• WORK INSTRUCTION:
When you reproduce the data, keep every word exactly as it stands and leave the pictures out.

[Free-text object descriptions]
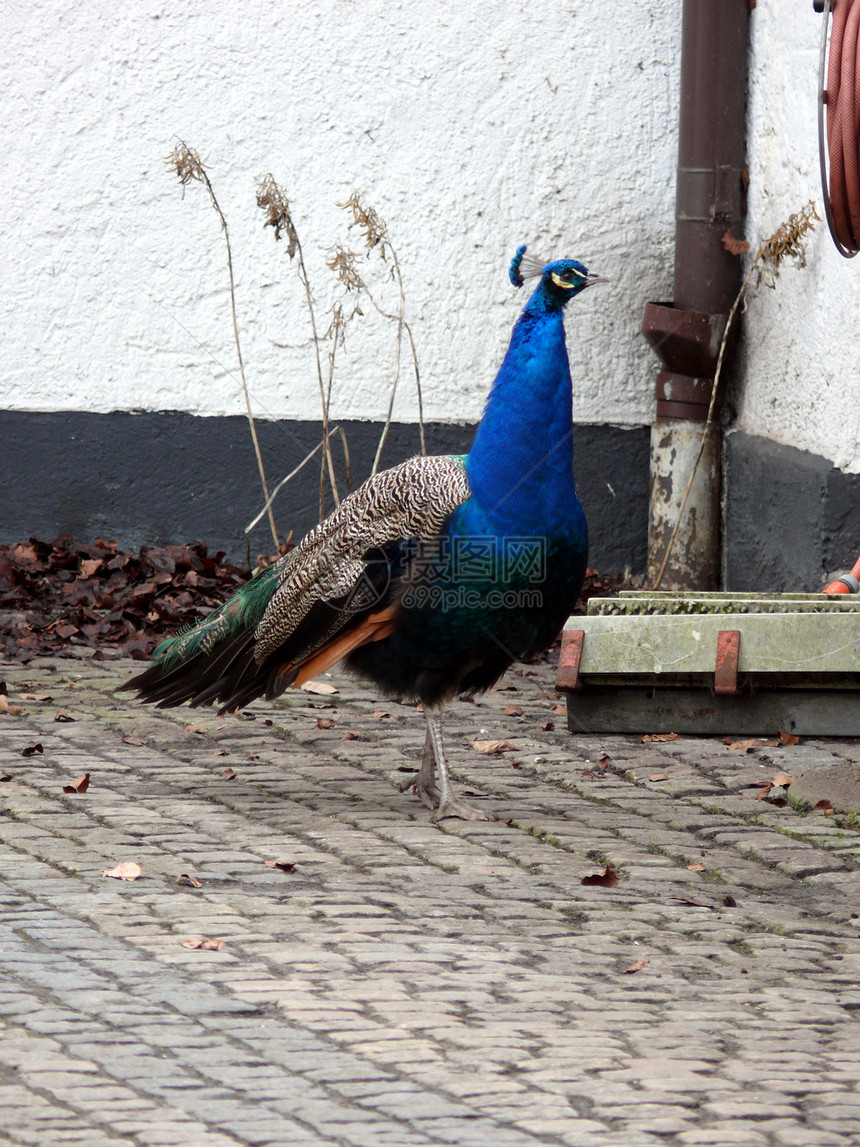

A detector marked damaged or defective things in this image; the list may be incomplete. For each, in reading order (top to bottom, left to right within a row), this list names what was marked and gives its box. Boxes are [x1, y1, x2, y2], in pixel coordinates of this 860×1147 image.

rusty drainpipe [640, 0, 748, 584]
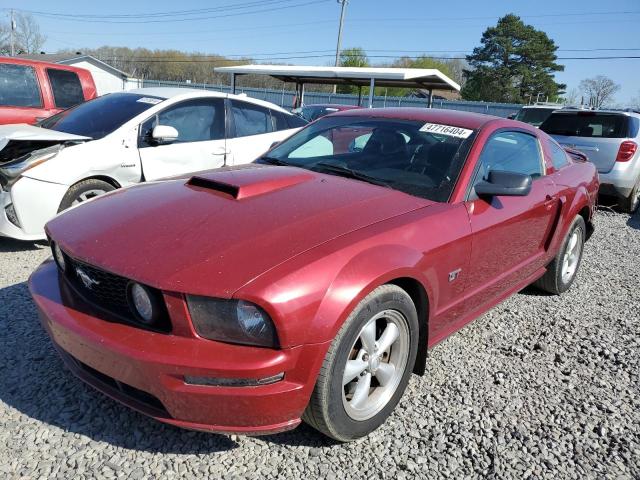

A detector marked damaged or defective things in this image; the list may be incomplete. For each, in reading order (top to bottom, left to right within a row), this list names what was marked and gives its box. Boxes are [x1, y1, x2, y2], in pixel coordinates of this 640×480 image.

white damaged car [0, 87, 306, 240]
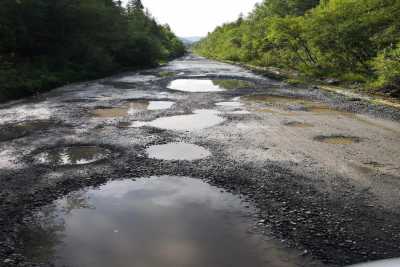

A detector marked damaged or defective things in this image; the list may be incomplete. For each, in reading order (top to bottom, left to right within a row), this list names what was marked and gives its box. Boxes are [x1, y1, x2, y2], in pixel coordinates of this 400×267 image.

• WRITTEN RESPONSE:
A detector marked damaged or defective things in this image; the list may be incomplete. For each, in reading order (top to bottom, left to right within a row), this list names what was marked and gives its box. Boxes are [x1, y1, x2, y2], in pixel coordinates of this 860×1147 image.

rusty drainpipe [640, 0, 748, 584]

A detector marked damaged or defective things in this image; the list may be incomplete. For each, in reading order (top to bottom, left to right within a row), this list names what was marked and gives its box. Boxes are [x1, y1, x2, y2], in pixel coordinates of this 640×480 image.

white damaged car [0, 87, 306, 240]

A detector marked damaged or defective things in this image; the list may be incomplete. For each, in reading order (top to bottom, left to right within a row), this list names what was marked and gives its box. Boxes are [x1, y1, x2, y2], in pixel coordinates of this 400×267 image.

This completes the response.